(Problem statement): Pictures appear among the records below and must be omitted. Repeat exactly the lines from the line with "Amigos Nest * La Mareta" to the line with "Image of 5 bedroom", both included.

(Exercise data):
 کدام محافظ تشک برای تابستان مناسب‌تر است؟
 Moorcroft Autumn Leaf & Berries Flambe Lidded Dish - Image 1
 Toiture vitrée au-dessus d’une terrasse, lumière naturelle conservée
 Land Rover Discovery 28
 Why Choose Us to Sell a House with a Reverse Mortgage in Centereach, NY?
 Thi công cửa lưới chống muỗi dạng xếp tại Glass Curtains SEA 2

==

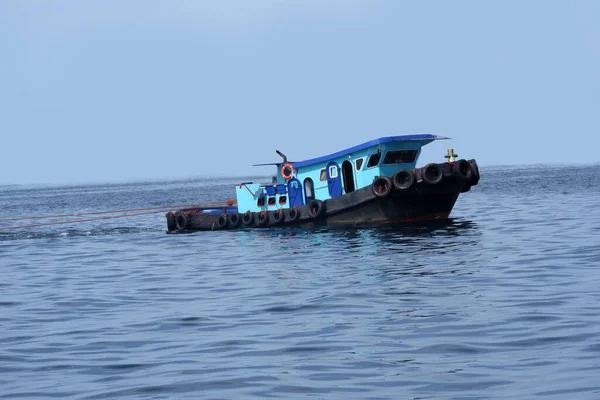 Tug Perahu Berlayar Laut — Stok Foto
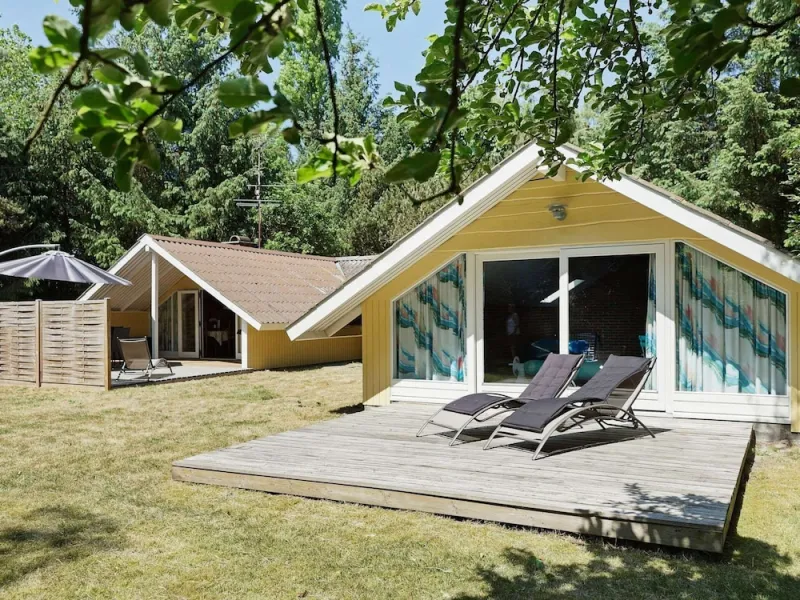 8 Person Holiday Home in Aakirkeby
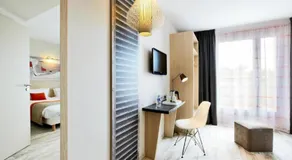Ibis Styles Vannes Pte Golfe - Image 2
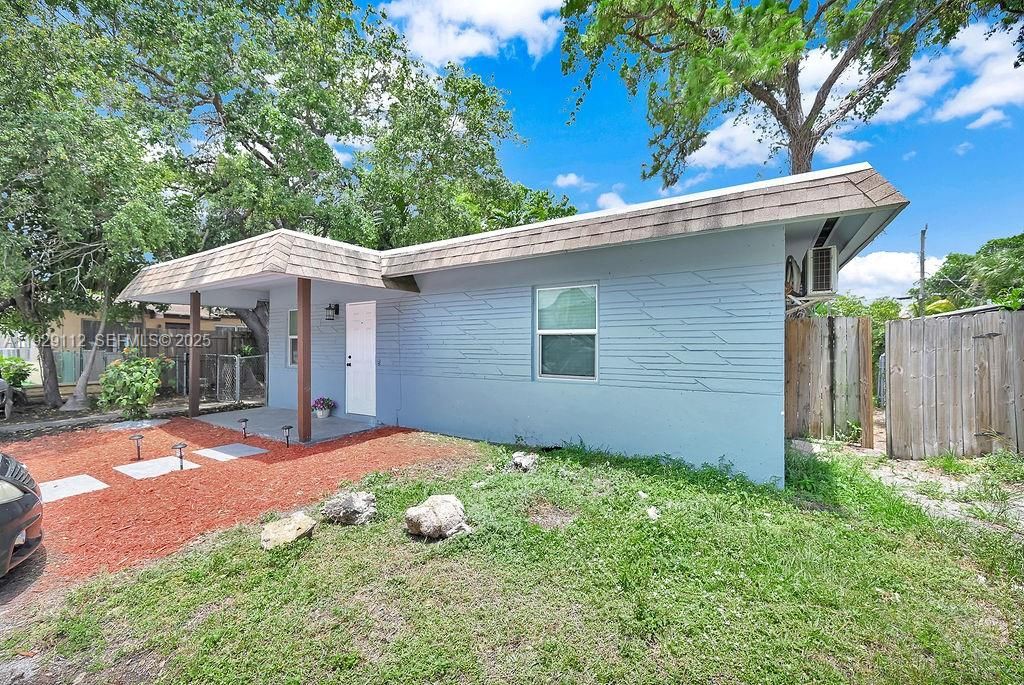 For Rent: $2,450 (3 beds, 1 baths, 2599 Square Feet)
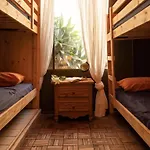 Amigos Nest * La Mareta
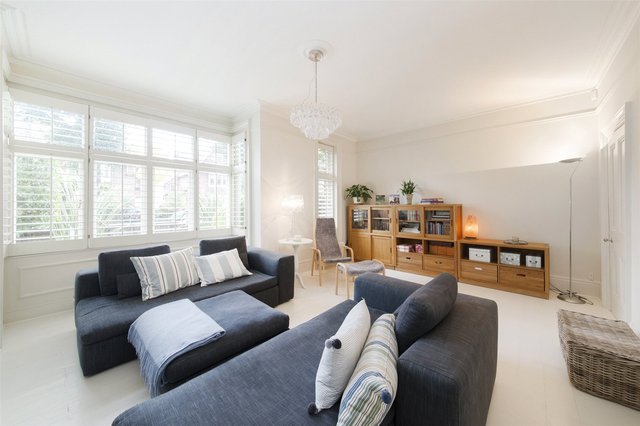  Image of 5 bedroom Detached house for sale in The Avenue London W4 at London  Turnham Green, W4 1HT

(Response below):
 Amigos Nest * La Mareta
  Image of 5 bedroom Detached house for sale in The Avenue London W4 at London  Turnham Green, W4 1HT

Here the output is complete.